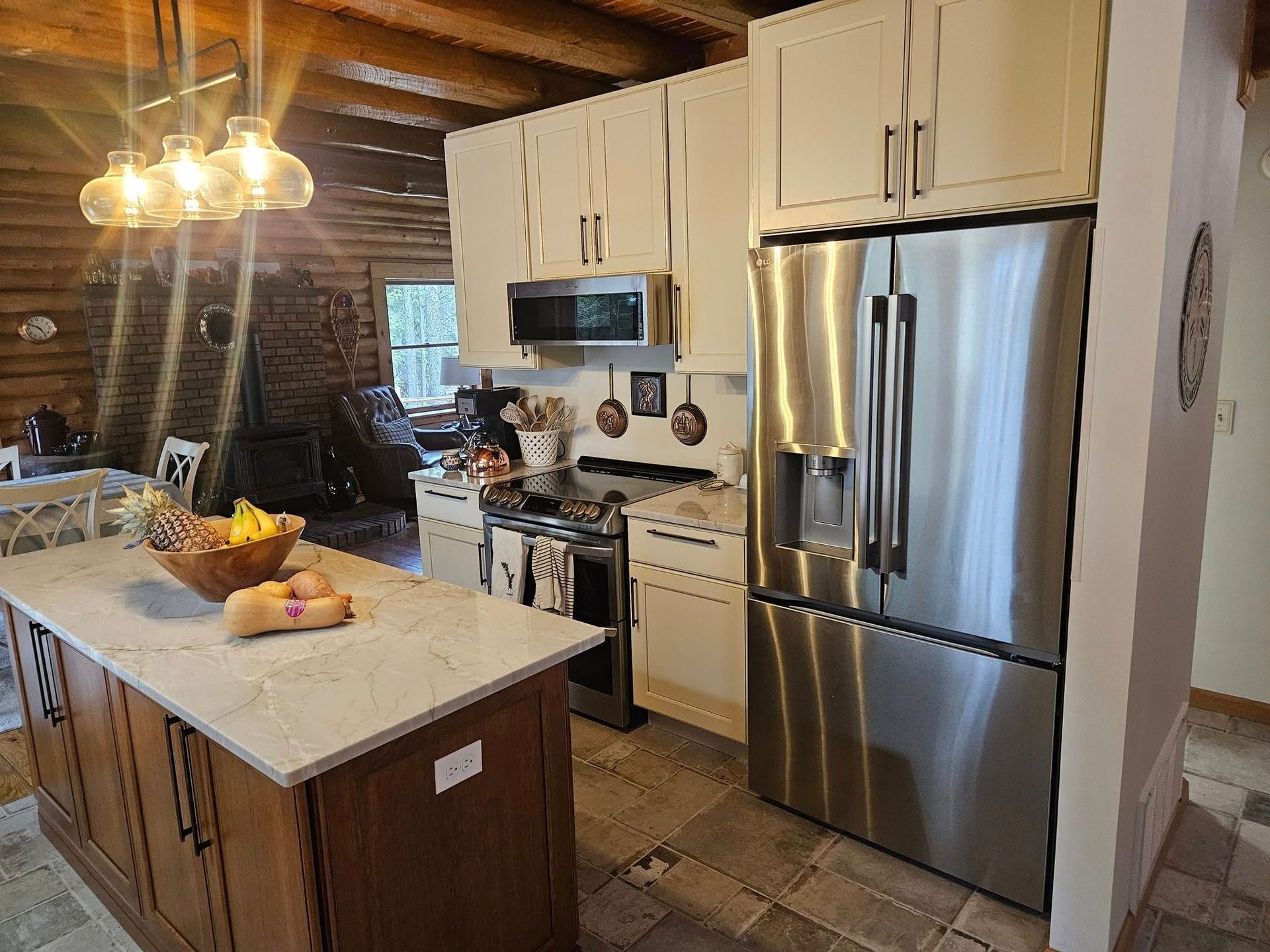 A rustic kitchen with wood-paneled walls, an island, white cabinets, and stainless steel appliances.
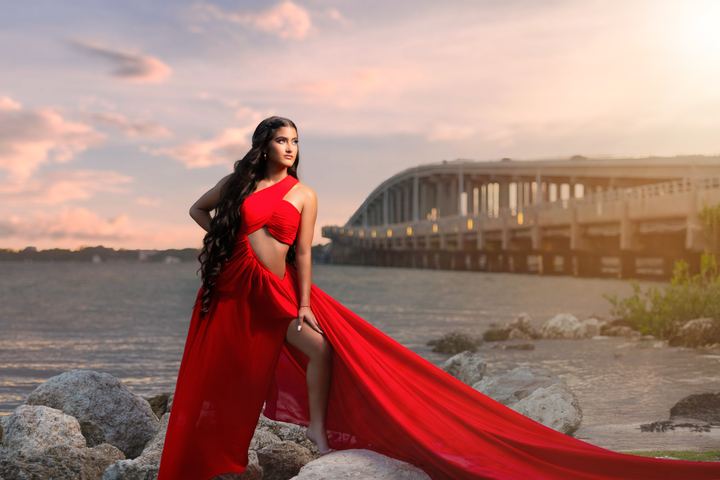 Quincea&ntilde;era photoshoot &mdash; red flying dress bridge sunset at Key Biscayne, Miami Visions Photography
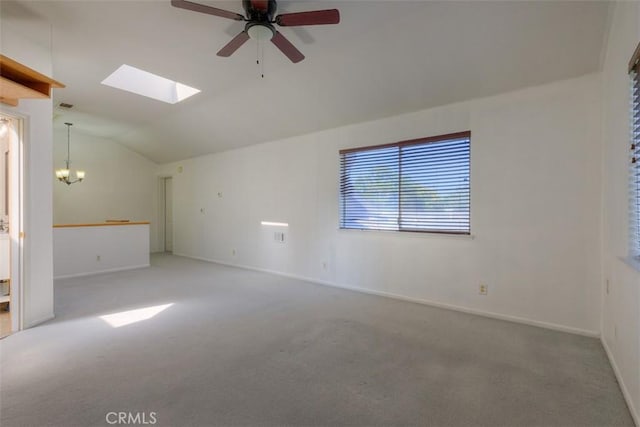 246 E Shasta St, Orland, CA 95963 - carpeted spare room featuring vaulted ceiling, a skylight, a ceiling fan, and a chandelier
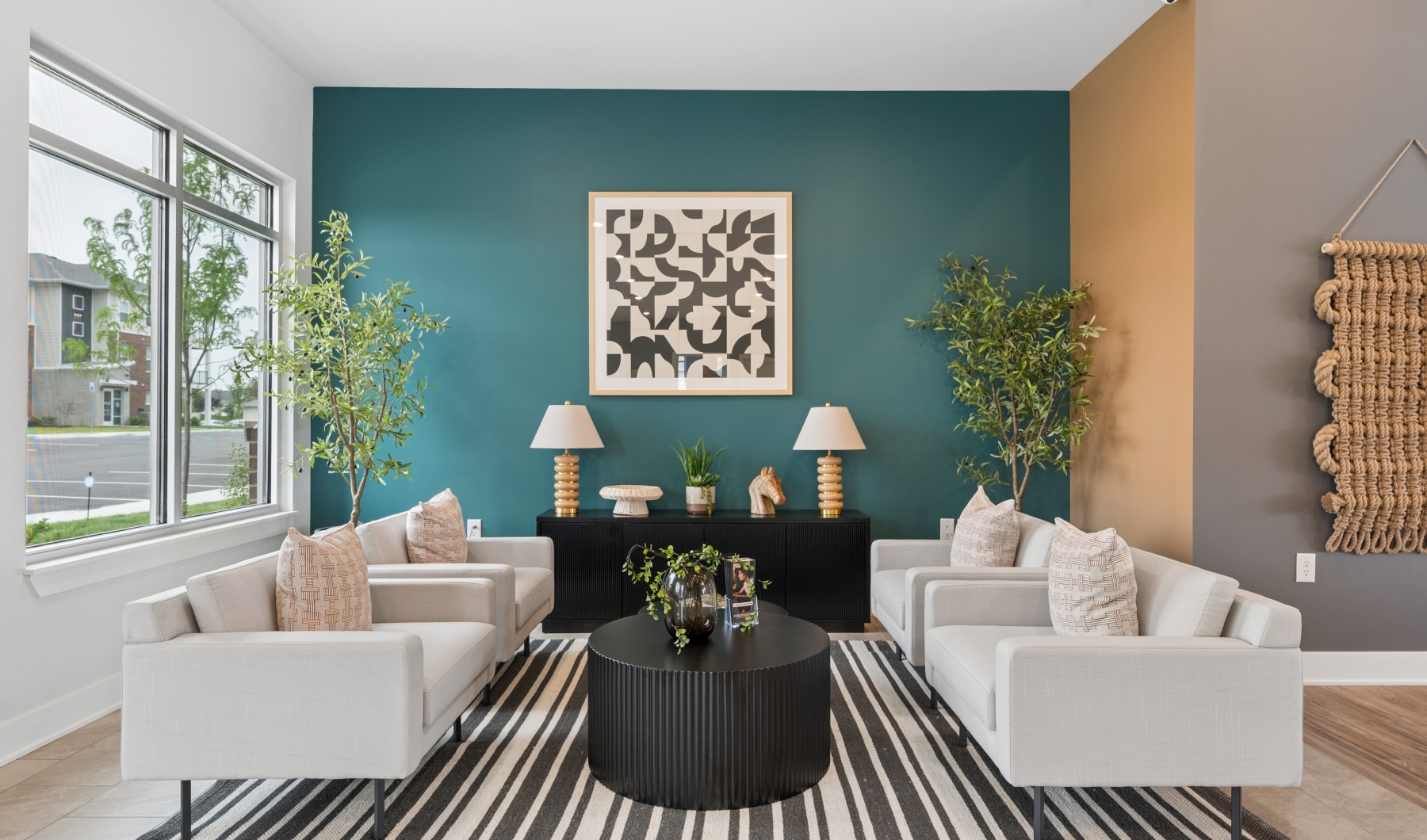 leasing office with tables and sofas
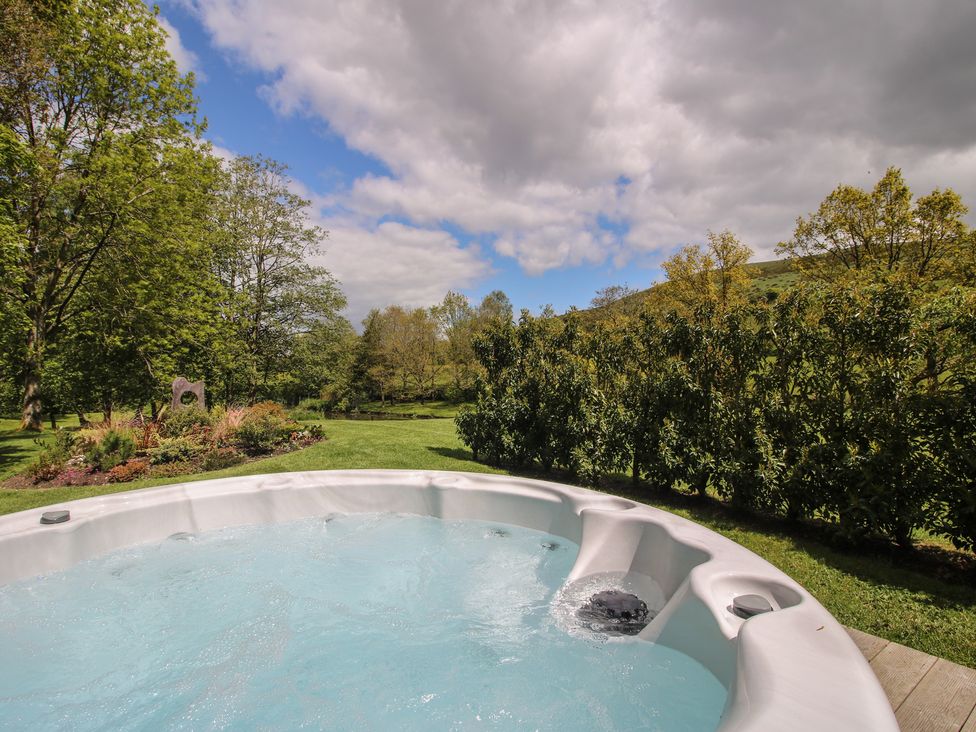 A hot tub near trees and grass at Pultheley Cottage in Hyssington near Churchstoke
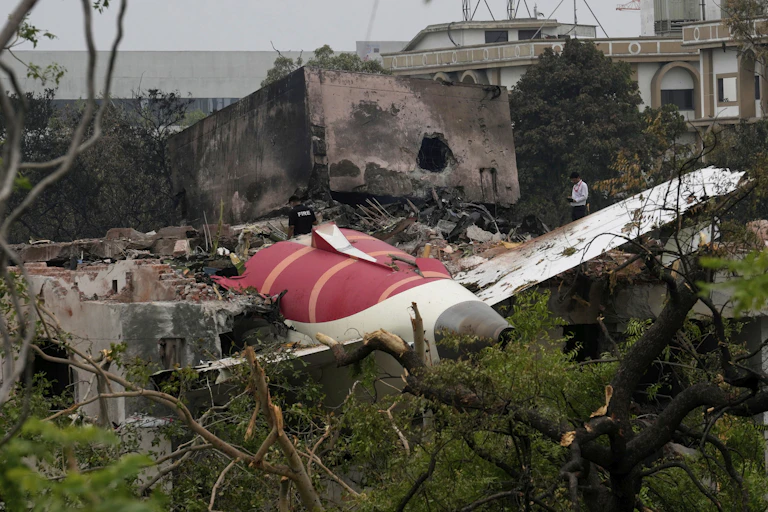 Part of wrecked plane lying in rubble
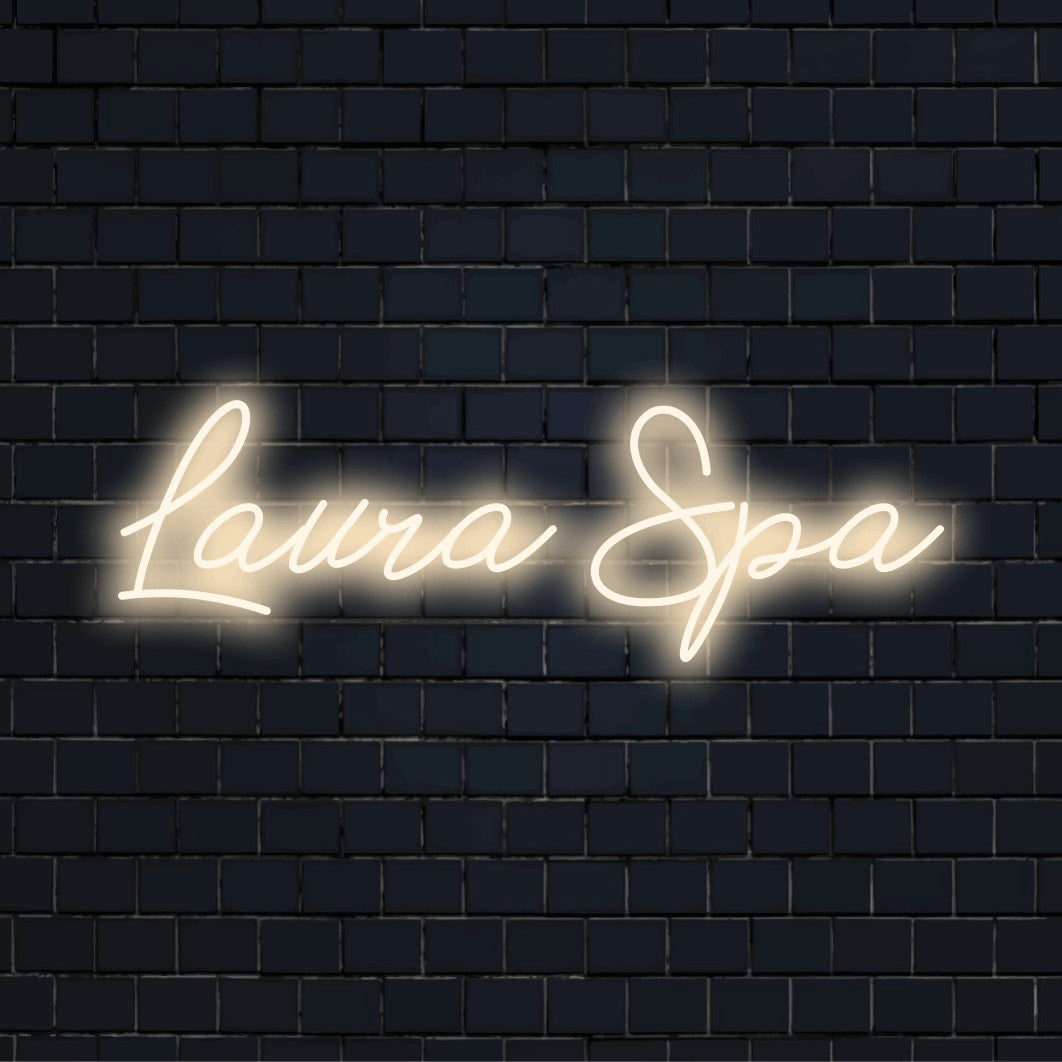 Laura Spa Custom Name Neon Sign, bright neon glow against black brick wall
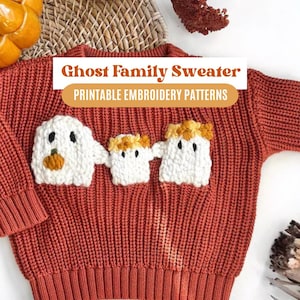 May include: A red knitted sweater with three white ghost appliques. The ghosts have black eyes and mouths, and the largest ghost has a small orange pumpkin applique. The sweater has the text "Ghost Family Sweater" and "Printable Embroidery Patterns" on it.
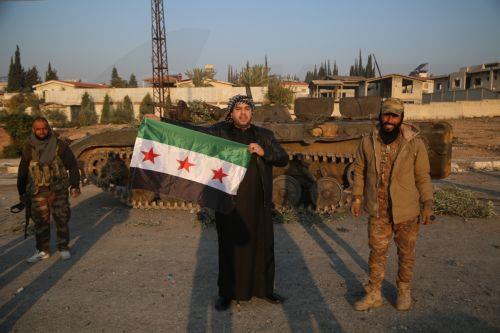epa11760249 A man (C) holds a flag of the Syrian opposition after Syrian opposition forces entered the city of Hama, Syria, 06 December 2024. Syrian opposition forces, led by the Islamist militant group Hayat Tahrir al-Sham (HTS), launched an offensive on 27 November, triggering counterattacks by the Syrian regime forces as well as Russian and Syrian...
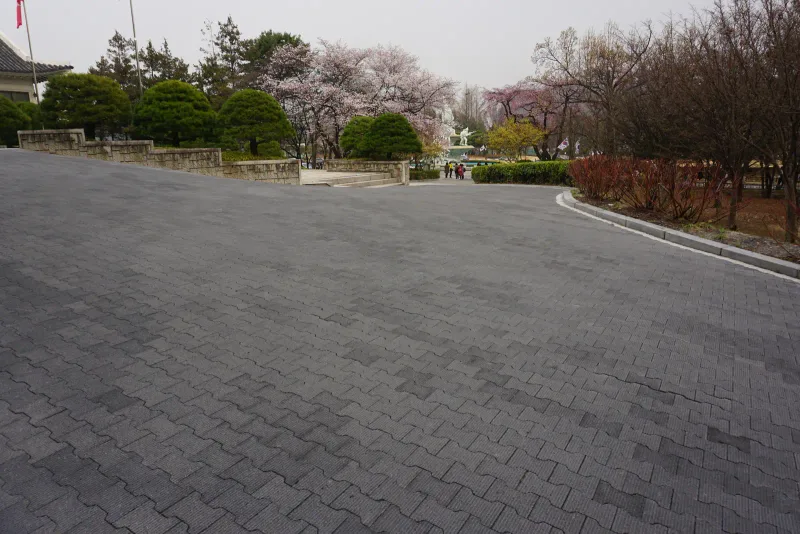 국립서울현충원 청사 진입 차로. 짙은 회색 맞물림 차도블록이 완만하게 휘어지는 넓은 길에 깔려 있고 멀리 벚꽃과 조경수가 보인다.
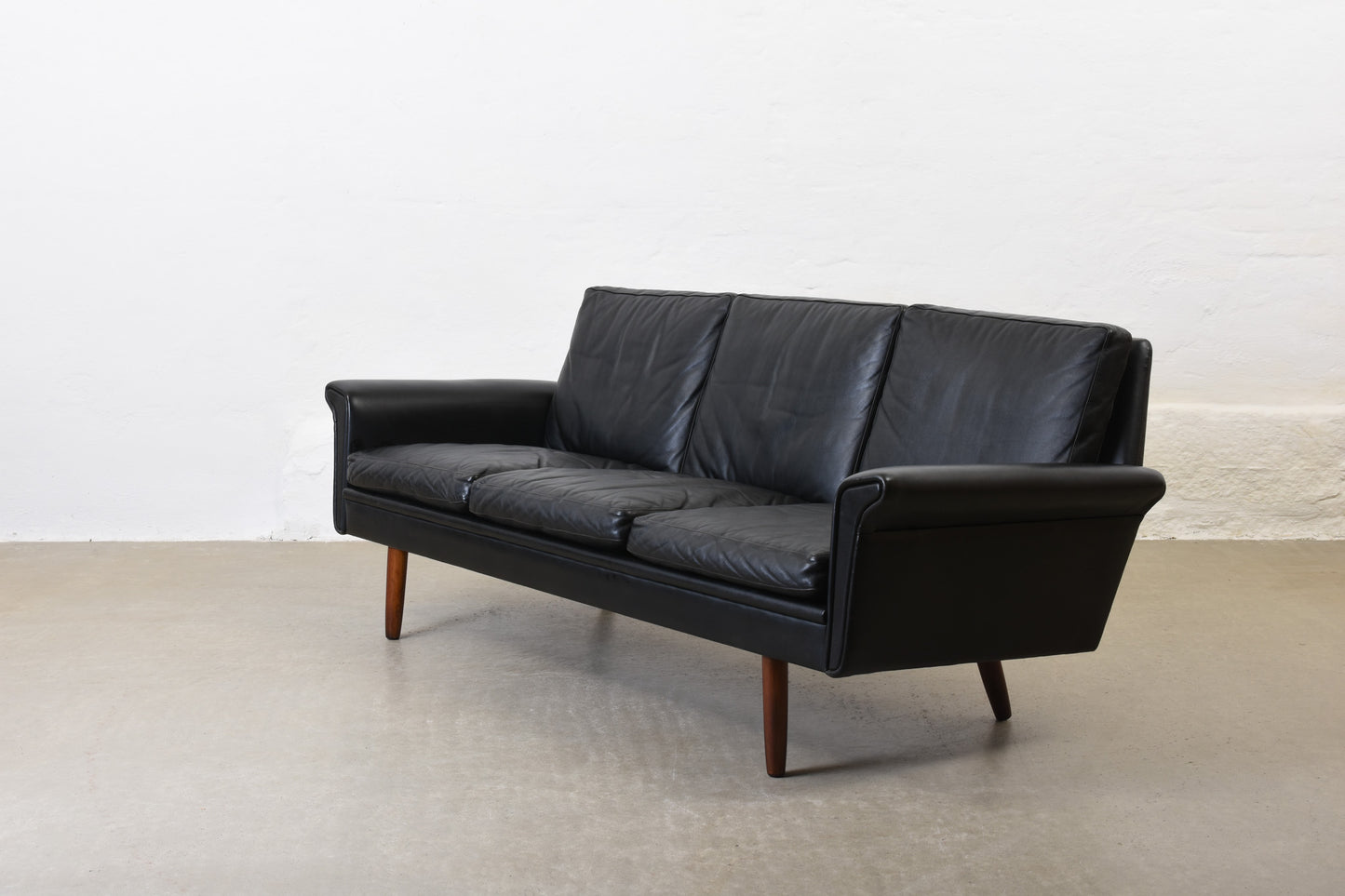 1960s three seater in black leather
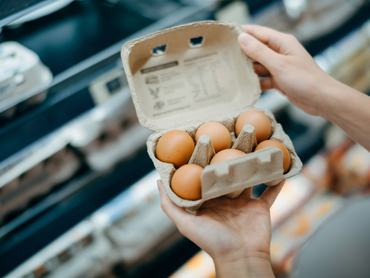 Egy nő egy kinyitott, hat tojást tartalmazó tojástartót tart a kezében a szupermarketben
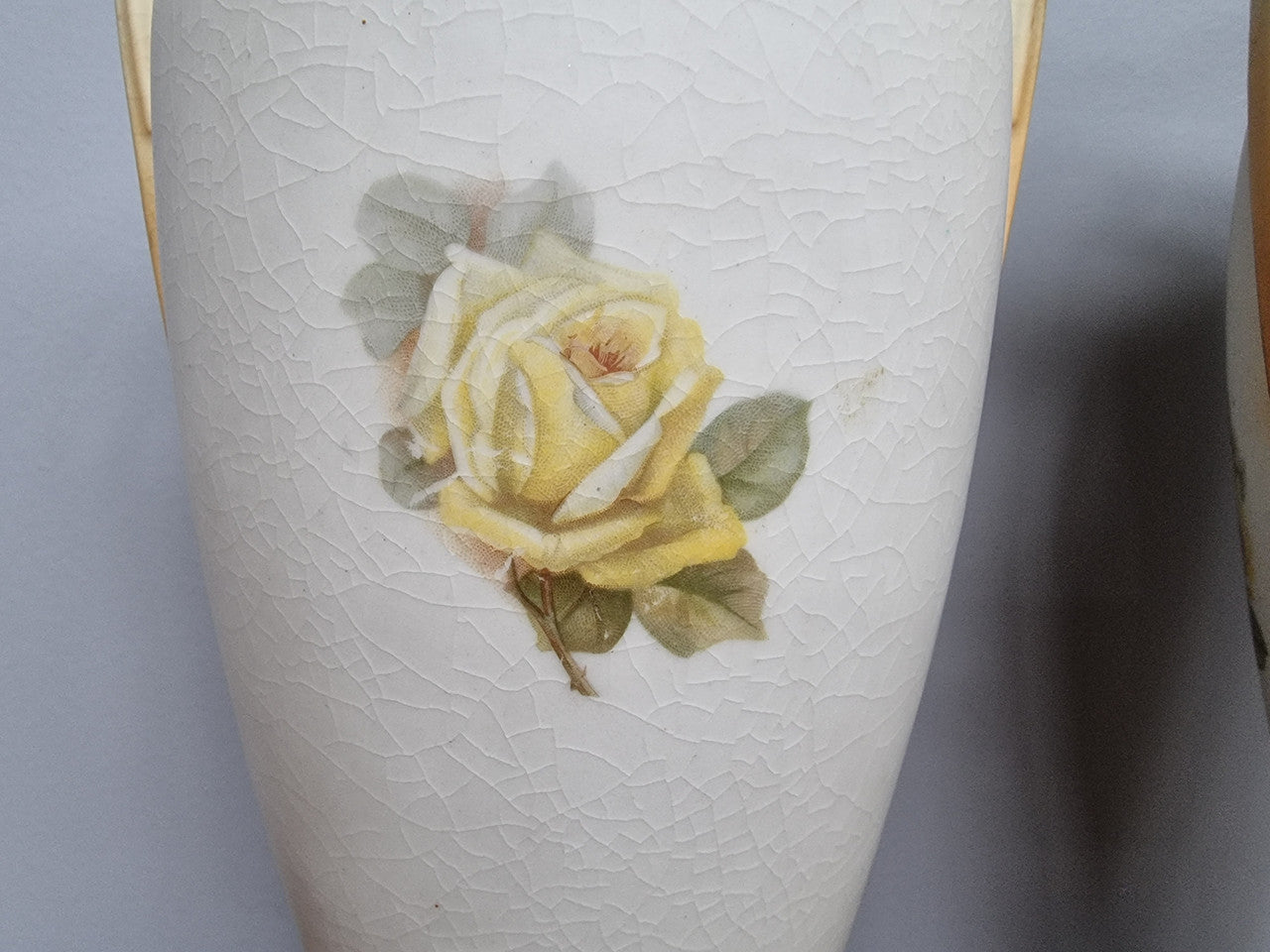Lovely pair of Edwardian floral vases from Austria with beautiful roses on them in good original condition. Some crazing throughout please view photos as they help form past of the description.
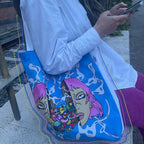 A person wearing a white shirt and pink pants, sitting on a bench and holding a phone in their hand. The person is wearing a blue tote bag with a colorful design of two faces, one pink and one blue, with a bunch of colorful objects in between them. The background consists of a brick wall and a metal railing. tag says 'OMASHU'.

□ □ □ □ □ □ □

**Aim of the exercise:**
Only one part of the listing is wanted: the lines from the one containing "Part of wrecked plane lying in rubble" through the one containing "Laura Spa Custom", both included. Please transcribe it exactly, leaving out the pictures.

**Result for this task:**
 Part of wrecked plane lying in rubble
 Laura Spa Custom Name Neon Sign, bright neon glow against black brick wall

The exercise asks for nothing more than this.